* _What the task asks_
State how many lines of the entries below hold the word "Gallery"; reply with nothing but the number.

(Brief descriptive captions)
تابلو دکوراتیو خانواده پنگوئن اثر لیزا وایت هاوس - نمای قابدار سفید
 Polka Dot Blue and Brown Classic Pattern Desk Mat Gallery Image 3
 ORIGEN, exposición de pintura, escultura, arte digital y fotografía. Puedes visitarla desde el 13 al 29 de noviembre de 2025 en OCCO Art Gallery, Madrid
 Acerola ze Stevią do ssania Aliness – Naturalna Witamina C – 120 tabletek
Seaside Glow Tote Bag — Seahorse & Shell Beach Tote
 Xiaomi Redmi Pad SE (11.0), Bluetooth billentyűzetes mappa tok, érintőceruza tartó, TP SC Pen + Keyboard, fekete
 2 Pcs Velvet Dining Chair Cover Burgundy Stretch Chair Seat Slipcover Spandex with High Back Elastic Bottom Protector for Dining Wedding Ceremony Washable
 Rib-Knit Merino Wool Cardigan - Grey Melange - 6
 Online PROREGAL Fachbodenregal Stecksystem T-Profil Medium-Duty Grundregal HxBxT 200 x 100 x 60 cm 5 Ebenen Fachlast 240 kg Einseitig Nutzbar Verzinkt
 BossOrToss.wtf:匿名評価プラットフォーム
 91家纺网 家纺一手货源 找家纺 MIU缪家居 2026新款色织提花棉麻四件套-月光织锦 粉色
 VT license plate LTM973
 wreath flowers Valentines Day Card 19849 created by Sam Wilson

* _Reply_
2